### Work required
Without the pictures, restate all of the data below word for word.

### Supplied data
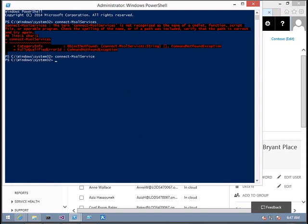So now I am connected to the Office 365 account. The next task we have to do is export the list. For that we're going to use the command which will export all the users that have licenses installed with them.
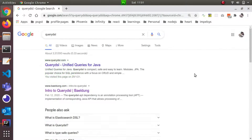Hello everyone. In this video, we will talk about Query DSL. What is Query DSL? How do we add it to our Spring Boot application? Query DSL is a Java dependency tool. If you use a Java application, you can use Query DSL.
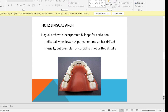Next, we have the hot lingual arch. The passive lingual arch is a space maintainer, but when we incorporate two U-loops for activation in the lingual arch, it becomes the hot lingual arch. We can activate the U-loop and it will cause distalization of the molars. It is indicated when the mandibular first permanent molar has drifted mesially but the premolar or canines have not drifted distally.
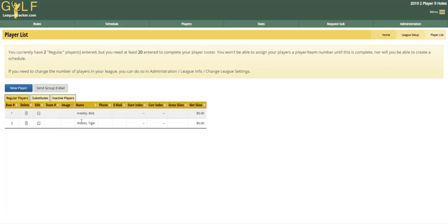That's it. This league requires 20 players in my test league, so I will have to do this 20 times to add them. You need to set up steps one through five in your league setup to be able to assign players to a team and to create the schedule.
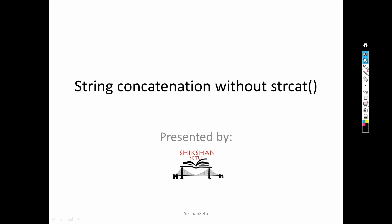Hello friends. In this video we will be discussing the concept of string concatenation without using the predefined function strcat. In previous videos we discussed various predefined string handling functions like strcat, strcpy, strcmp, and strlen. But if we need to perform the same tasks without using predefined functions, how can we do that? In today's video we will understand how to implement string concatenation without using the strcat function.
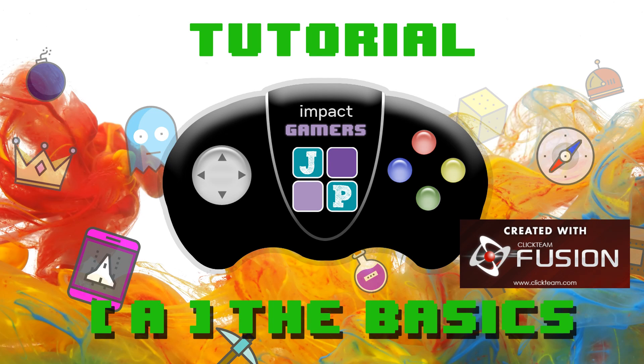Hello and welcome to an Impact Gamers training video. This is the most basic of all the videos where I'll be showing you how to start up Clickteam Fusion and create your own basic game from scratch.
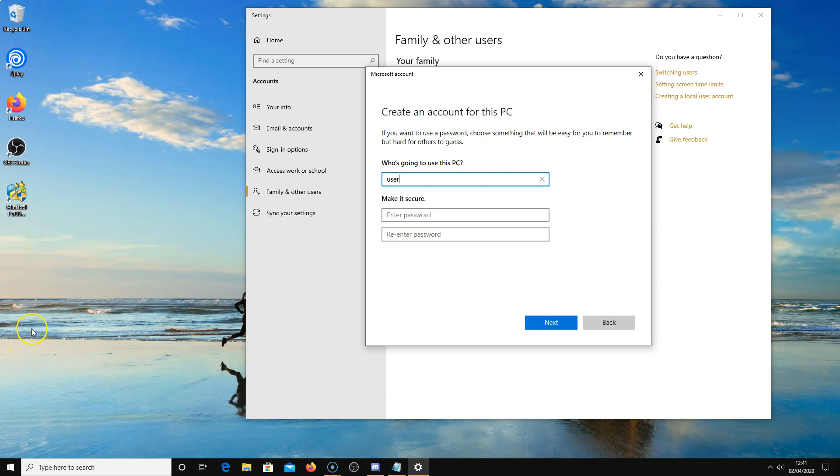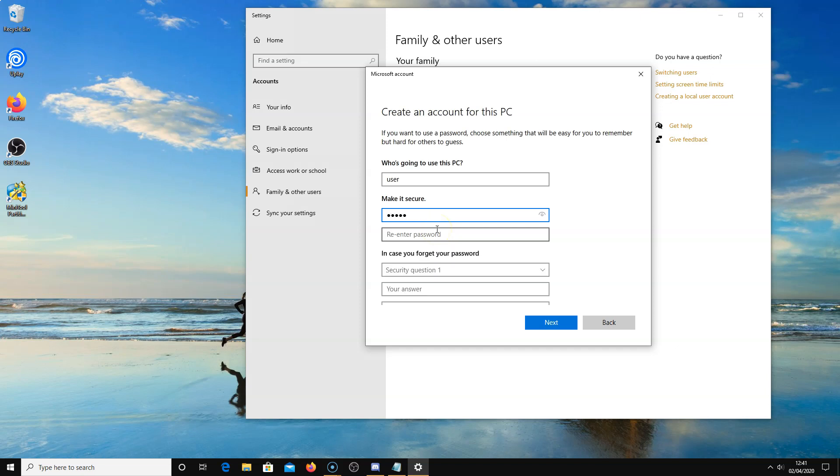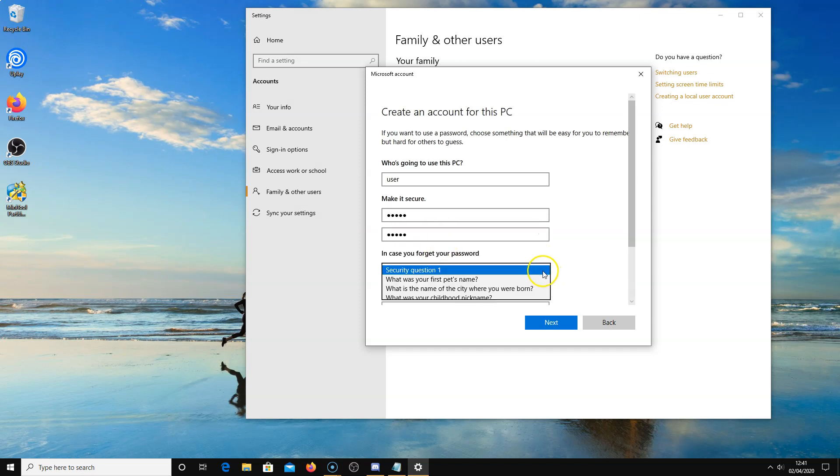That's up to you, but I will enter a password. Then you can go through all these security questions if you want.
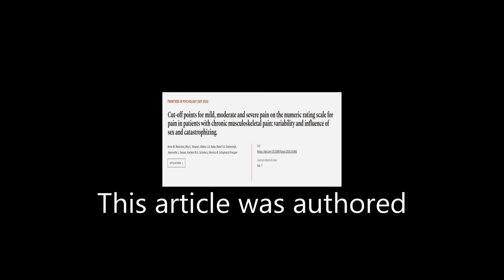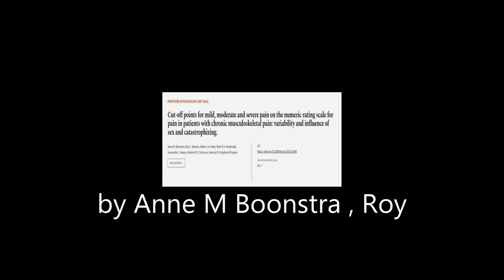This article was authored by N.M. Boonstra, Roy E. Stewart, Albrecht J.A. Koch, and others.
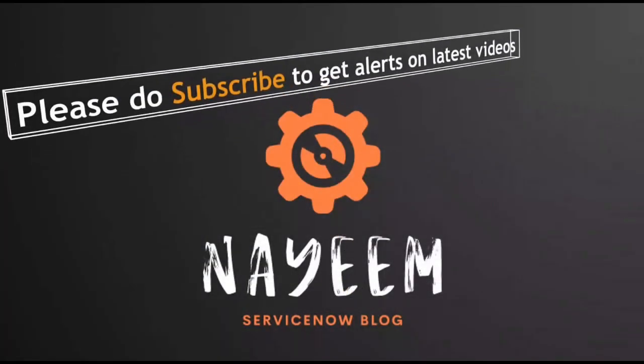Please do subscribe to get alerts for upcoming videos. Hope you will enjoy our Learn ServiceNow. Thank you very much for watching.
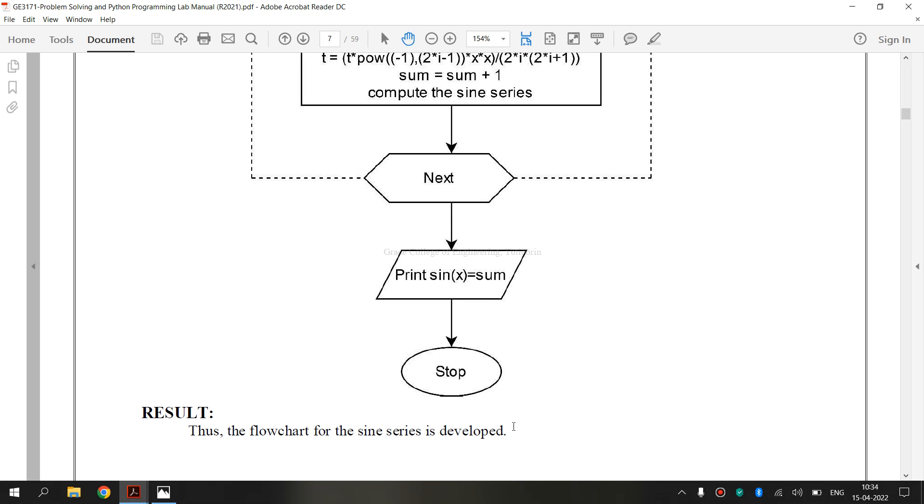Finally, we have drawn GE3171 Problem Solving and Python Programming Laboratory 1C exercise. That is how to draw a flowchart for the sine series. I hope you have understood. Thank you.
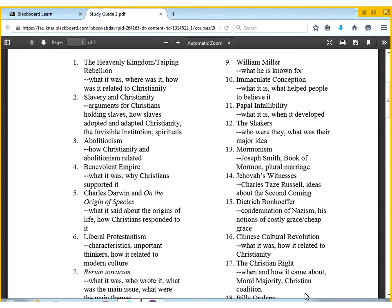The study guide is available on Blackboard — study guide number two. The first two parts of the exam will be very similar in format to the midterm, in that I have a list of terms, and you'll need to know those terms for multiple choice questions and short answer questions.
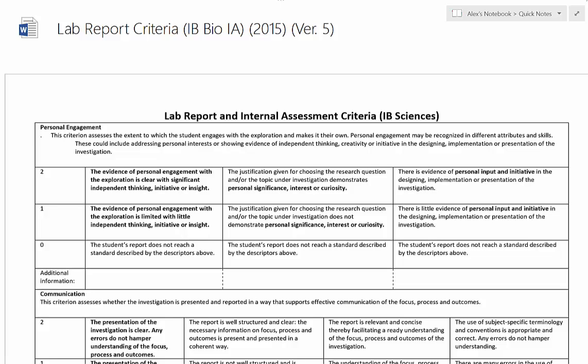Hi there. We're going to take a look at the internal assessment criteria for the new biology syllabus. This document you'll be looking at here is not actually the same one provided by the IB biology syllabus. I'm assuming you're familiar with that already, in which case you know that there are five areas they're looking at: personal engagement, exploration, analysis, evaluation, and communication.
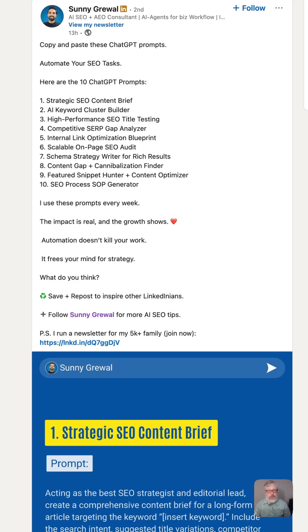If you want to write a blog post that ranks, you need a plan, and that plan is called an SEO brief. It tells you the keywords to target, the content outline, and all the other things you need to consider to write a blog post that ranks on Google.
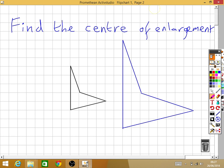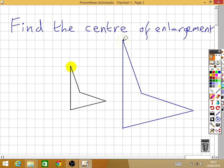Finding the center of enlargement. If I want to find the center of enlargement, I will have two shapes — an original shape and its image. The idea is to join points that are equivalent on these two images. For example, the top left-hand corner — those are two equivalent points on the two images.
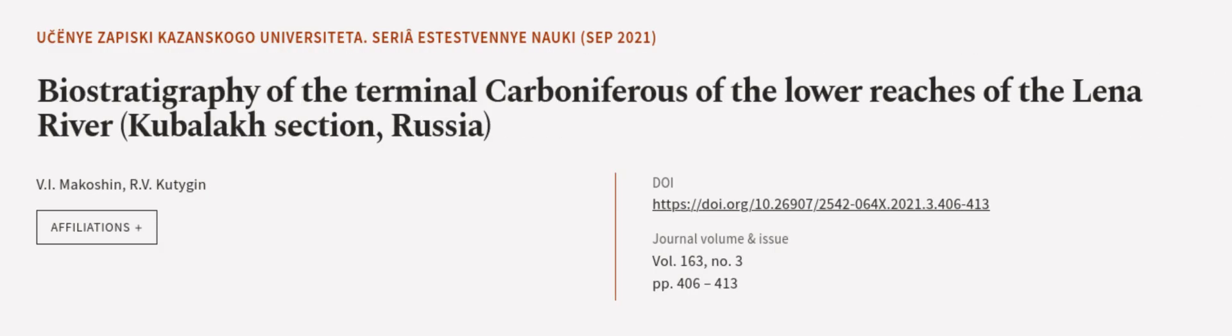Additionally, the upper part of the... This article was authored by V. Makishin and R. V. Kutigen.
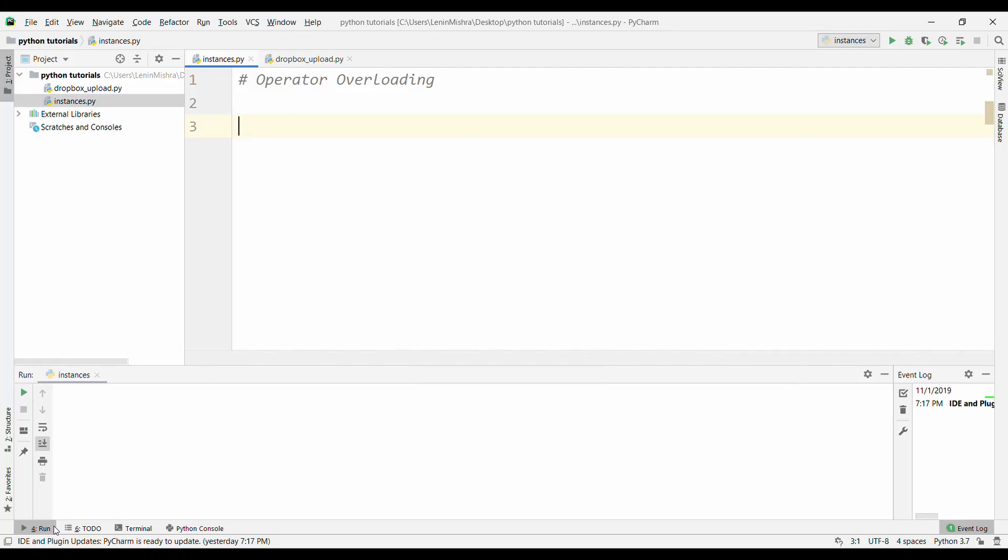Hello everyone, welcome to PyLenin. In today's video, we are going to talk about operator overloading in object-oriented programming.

### Your solution
So now I am connected to the Office 365 account. The next task we have to do is export the list. For that we're going to use the command which will export all the users that have licenses installed with them.
Hello everyone. In this video, we will talk about Query DSL. What is Query DSL? How do we add it to our Spring Boot application? Query DSL is a Java dependency tool. If you use a Java application, you can use Query DSL.
Next, we have the hot lingual arch. The passive lingual arch is a space maintainer, but when we incorporate two U-loops for activation in the lingual arch, it becomes the hot lingual arch. We can activate the U-loop and it will cause distalization of the molars. It is indicated when the mandibular first permanent molar has drifted mesially but the premolar or canines have not drifted distally.
That's it. This league requires 20 players in my test league, so I will have to do this 20 times to add them. You need to set up steps one through five in your league setup to be able to assign players to a team and to create the schedule.
Hello friends. In this video we will be discussing the concept of string concatenation without using the predefined function strcat. In previous videos we discussed various predefined string handling functions like strcat, strcpy, strcmp, and strlen. But if we need to perform the same tasks without using predefined functions, how can we do that? In today's video we will understand how to implement string concatenation without using the strcat function.
Hello and welcome to an Impact Gamers training video. This is the most basic of all the videos where I'll be showing you how to start up Clickteam Fusion and create your own basic game from scratch.
That's up to you, but I will enter a password. Then you can go through all these security questions if you want.
This article was authored by N.M. Boonstra, Roy E. Stewart, Albrecht J.A. Koch, and others.
Please do subscribe to get alerts for upcoming videos. Hope you will enjoy our Learn ServiceNow. Thank you very much for watching.
Finally, we have drawn GE3171 Problem Solving and Python Programming Laboratory 1C exercise. That is how to draw a flowchart for the sine series. I hope you have understood. Thank you.
The study guide is available on Blackboard — study guide number two. The first two parts of the exam will be very similar in format to the midterm, in that I have a list of terms, and you'll need to know those terms for multiple choice questions and short answer questions.
Hi there. We're going to take a look at the internal assessment criteria for the new biology syllabus. This document you'll be looking at here is not actually the same one provided by the IB biology syllabus. I'm assuming you're familiar with that already, in which case you know that there are five areas they're looking at: personal engagement, exploration, analysis, evaluation, and communication.
If you want to write a blog post that ranks, you need a plan, and that plan is called an SEO brief. It tells you the keywords to target, the content outline, and all the other things you need to consider to write a blog post that ranks on Google.
Finding the center of enlargement. If I want to find the center of enlargement, I will have two shapes — an original shape and its image. The idea is to join points that are equivalent on these two images. For example, the top left-hand corner — those are two equivalent points on the two images.
Additionally, the upper part of the... This article was authored by V. Makishin and R. V. Kutigen.
Hello everyone, welcome to PyLenin. In today's video, we are going to talk about operator overloading in object-oriented programming.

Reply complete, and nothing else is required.